2013 BL76 is a minor planet (centaur) from the scattered disk/Inner Oort cloud. Using an epoch of February 2017, it is the minor planet with the 5th largest heliocentric semi-major axis in the Solar system (larger ones include 2014 FE72, 2012 DR30, and 2005 VX3). 2013 BL76 has a barycentric semi-major axis of ~964 AU, which is the third largest barycentric semi-major axis of any minor planet.
With an absolute magnitude (H) of 10.8 and an unknown albedo, the object has an estimated diameter of 15–40 km. Since it has not been seen out-gassing, it is not known if it is a comet or not. It might also be a damocloid, a type of minor planet that was originally a comet but lost most of its near-surface volatile materials after numerous orbits around the Sun. It also might be a dormant comet that simply has not been seen outgassing.
2013 BL76 came to perihelion 8.3AU from the Sun on October 27, 2012, when it reached an apparent magnitude of about 20. In 1927, when it was 100AU from the Sun, it had an apparent magnitude of about 30.8. For comparison dwarf planet 90377 Sedna had an apparent magnitude of 21.7 when it was 100AU from the Sun. It comes to opposition at the start of September.
It will not be 50 AU from the Sun until 2045. After leaving the planetary region of the Solar System, 2013 BL76 will have a barycentric aphelion of 1920 AU with an orbital period of 29900 years.

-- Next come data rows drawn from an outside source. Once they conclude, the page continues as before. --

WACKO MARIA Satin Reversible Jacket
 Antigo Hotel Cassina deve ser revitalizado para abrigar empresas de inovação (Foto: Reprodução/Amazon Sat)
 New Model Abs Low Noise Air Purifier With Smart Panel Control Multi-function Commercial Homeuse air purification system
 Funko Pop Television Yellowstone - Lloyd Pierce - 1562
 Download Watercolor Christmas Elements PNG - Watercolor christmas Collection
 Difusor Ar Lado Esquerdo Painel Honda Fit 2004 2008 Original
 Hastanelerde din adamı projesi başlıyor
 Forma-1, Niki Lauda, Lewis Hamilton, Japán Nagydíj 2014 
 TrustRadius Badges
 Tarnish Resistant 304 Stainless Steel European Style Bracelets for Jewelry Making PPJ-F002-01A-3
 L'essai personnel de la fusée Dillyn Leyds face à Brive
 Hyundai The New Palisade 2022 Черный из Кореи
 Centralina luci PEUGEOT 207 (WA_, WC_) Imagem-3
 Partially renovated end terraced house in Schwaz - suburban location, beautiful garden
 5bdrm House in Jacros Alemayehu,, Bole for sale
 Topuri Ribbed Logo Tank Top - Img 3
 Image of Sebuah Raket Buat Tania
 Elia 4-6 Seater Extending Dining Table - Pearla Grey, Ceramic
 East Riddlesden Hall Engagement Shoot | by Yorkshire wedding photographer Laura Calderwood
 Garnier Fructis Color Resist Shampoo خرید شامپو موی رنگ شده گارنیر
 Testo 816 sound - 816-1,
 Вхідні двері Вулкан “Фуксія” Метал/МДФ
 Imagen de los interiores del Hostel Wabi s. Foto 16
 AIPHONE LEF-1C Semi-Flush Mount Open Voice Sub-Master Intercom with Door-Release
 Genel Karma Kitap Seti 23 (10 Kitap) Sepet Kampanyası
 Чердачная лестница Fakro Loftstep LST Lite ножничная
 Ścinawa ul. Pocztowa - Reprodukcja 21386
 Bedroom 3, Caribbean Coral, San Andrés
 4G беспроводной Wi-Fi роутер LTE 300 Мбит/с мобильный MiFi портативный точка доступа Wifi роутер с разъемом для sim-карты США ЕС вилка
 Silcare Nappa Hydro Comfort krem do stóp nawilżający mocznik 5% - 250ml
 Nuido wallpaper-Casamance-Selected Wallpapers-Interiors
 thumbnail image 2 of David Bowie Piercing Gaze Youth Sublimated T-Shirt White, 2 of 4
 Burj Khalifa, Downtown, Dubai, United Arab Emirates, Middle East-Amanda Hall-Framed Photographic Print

The orbit of 2013 BL76 currently comes closer to Saturn than any of the other giant planets. In a 10 million year integration of the orbit, the nominal (best-fit) orbit acquires a perihelion point of 0.5AU (inside the orbit of Venus), and one of the 3-sigma clones acquires a perihelion point of only 0.008 AU (1,200,000 km; 740,000 mi).
2013 BL76 travels in a technically retrograde orbit around the Sun. It is actually orbiting in a plane nearly perpendicular to that of the ecliptic. It has the 55th highest inclination of any known asteroid, after 2010 GW147 and before 2014 HS150.